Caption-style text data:
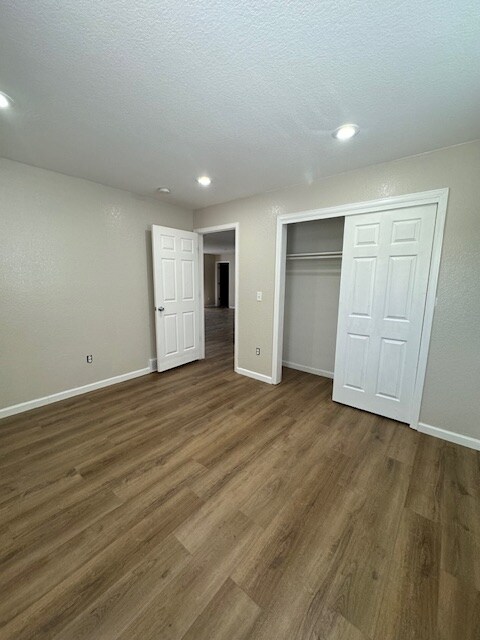 Foto del edificio - 724 S Melrose St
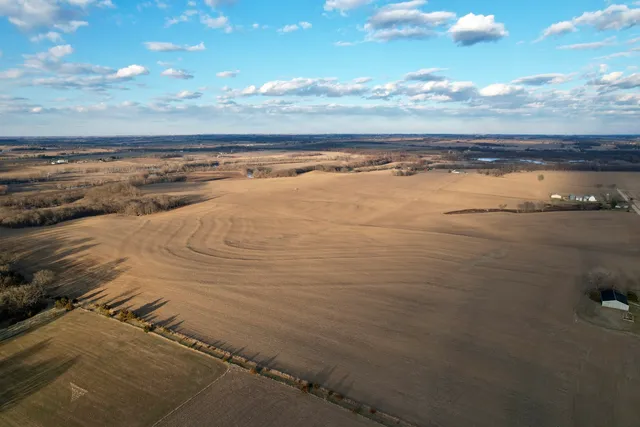 $2,722,500 | 0 West Winneshiek Road, Freeport, IL 61032
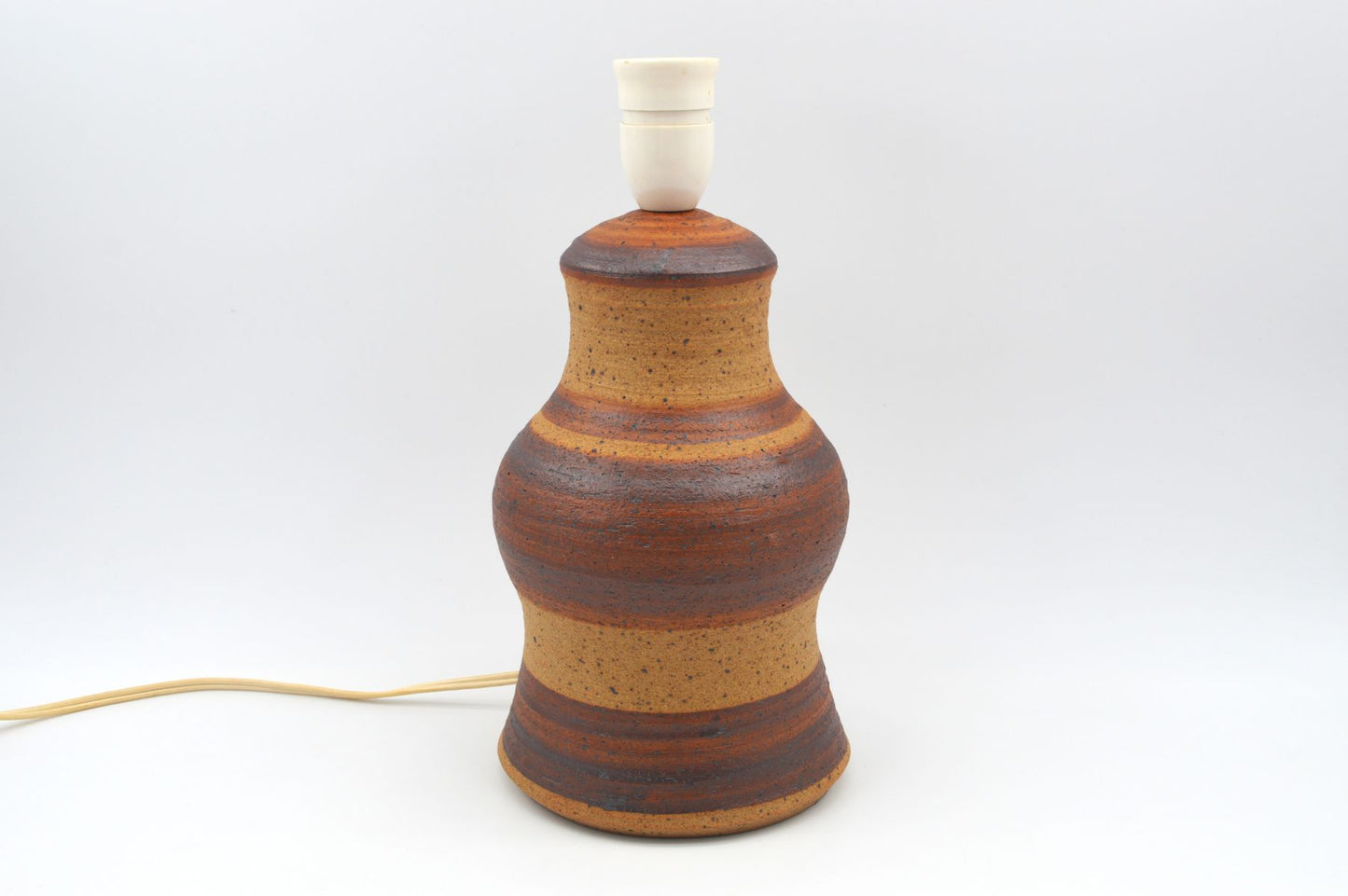 Zeitgenössische moderne Studiokeramik Lampe Gavehuset Herning Dänemark skulpturale Tischlampe 1970s brutalistische Kunstkeramik Danish Design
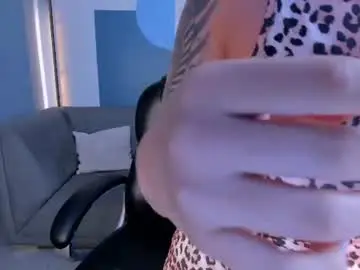 Lucycarterx  live sex cam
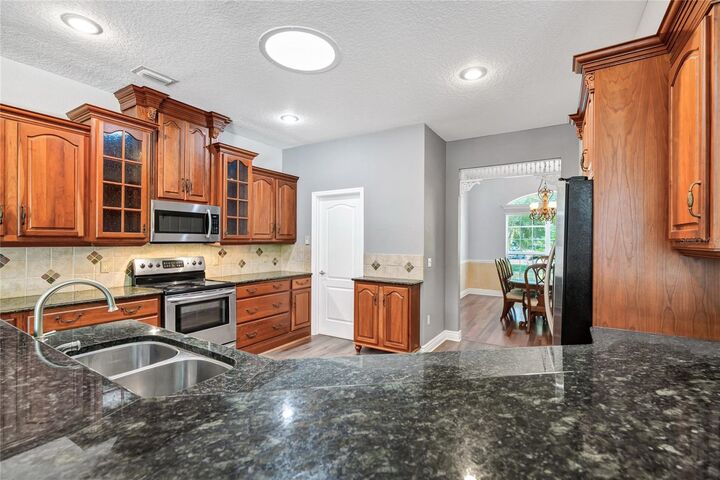 Property Photo: 3516 Battersea Court FL 32812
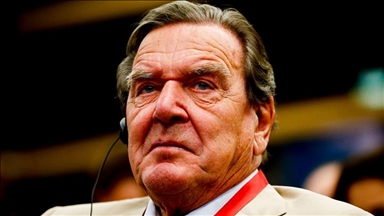 Gjermani, ish-kancelari Schröder padit Parlamentin Federal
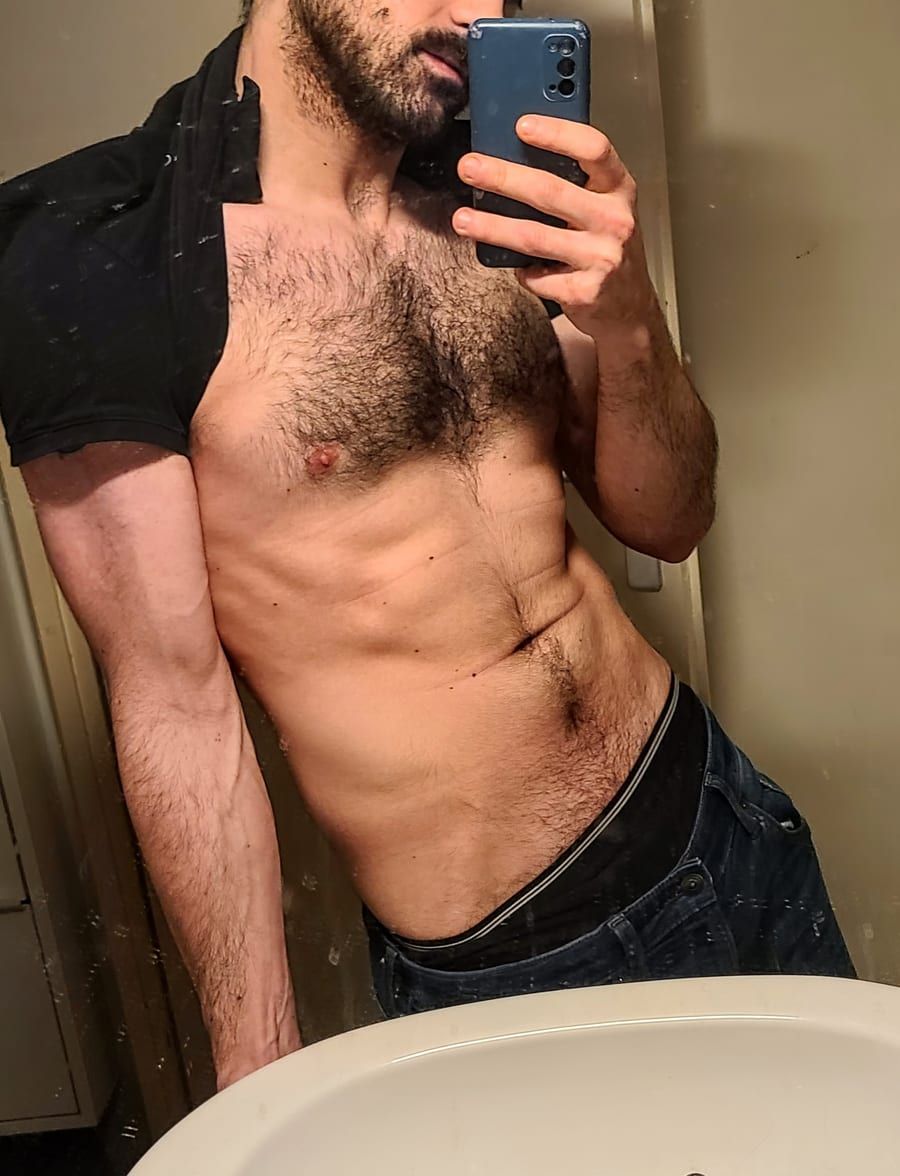 Profil de Yvonig, 26 ans, Gay bars à Necker (Saint-Gall)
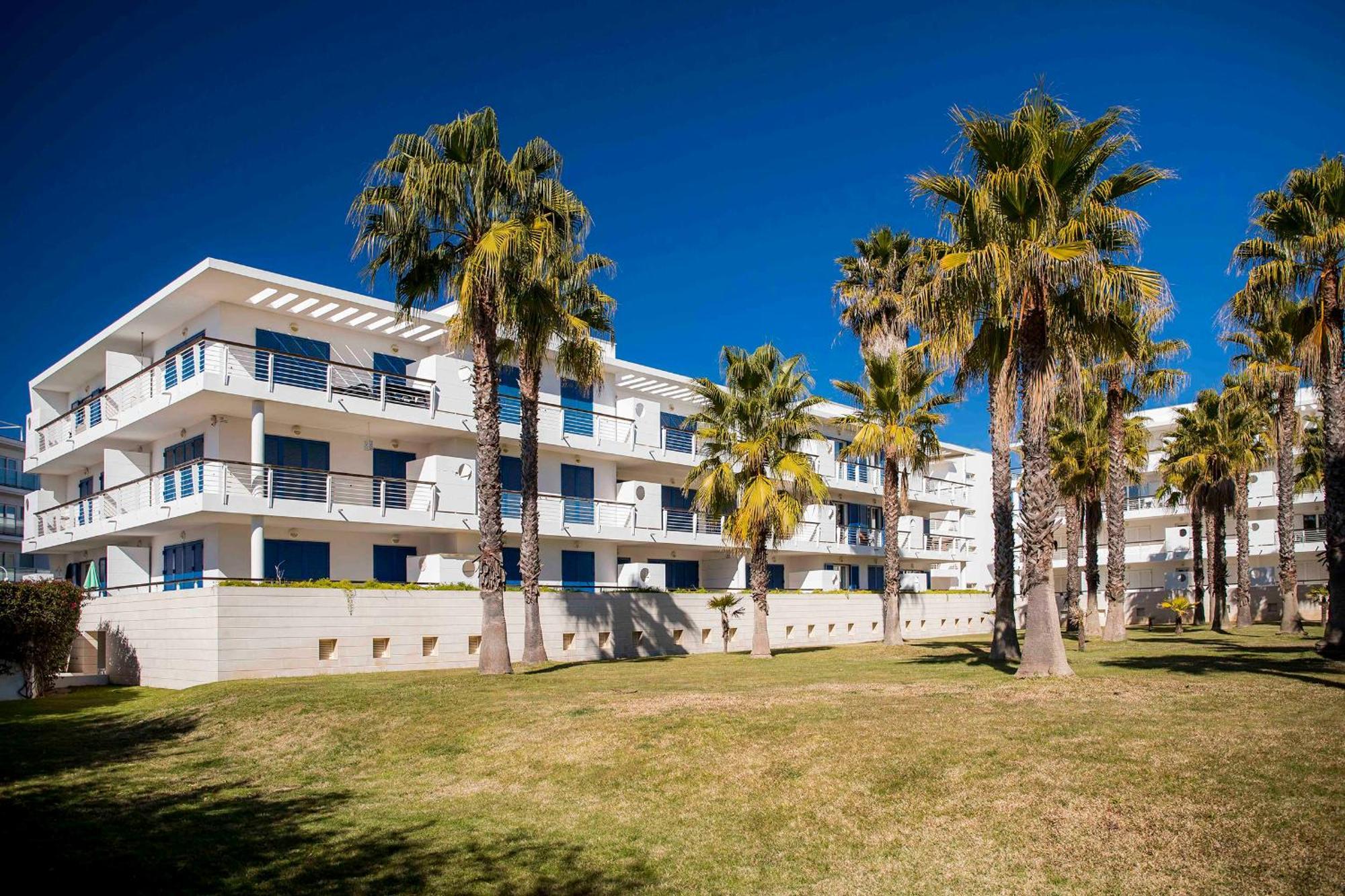 B06 - Top-floor Marina 2 Bed * Lagos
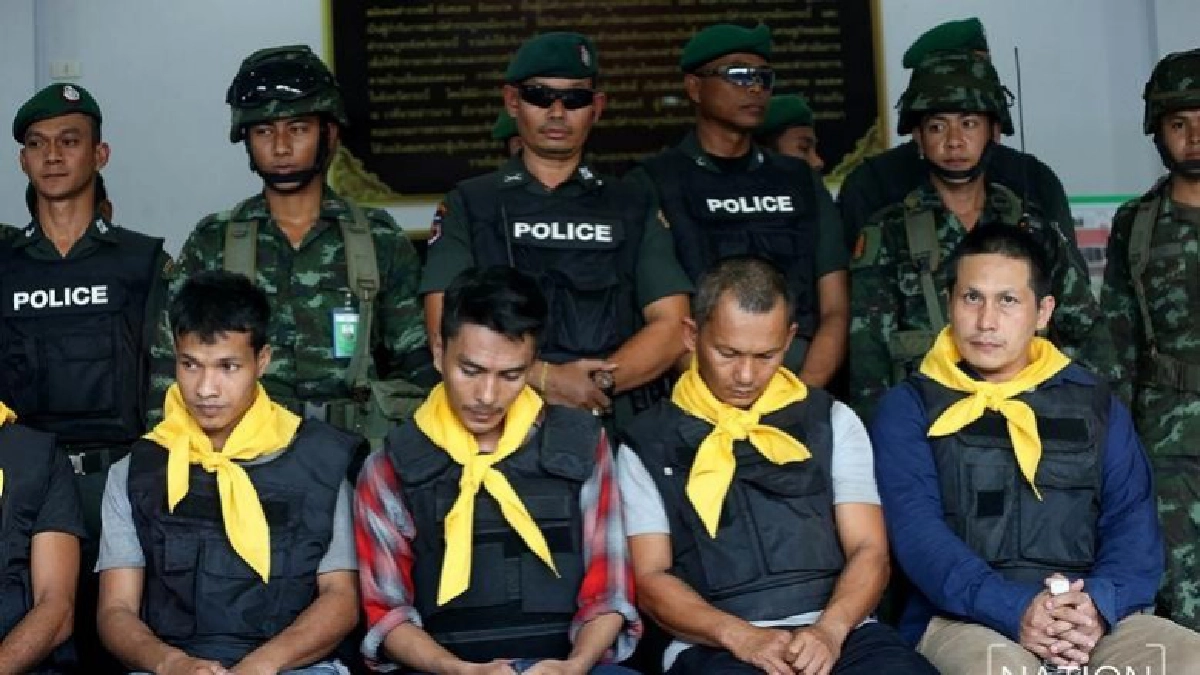 “8ผู้ต้องหา”ฆ่ายกครัวเครียด-“ผบ.ตร.”รับมอบตัวแล้ว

◆ Task directions ◆
From the first line to the last, reproduce the records above exactly and skip the pictures.

◆ Response below ◆
 Foto del edificio - 724 S Melrose St
 $2,722,500 | 0 West Winneshiek Road, Freeport, IL 61032
 Zeitgenössische moderne Studiokeramik Lampe Gavehuset Herning Dänemark skulpturale Tischlampe 1970s brutalistische Kunstkeramik Danish Design
 Lucycarterx  live sex cam
 Property Photo: 3516 Battersea Court FL 32812
 Gjermani, ish-kancelari Schröder padit Parlamentin Federal
 Profil de Yvonig, 26 ans, Gay bars à Necker (Saint-Gall)
 B06 - Top-floor Marina 2 Bed * Lagos
 “8ผู้ต้องหา”ฆ่ายกครัวเครียด-“ผบ.ตร.”รับมอบตัวแล้ว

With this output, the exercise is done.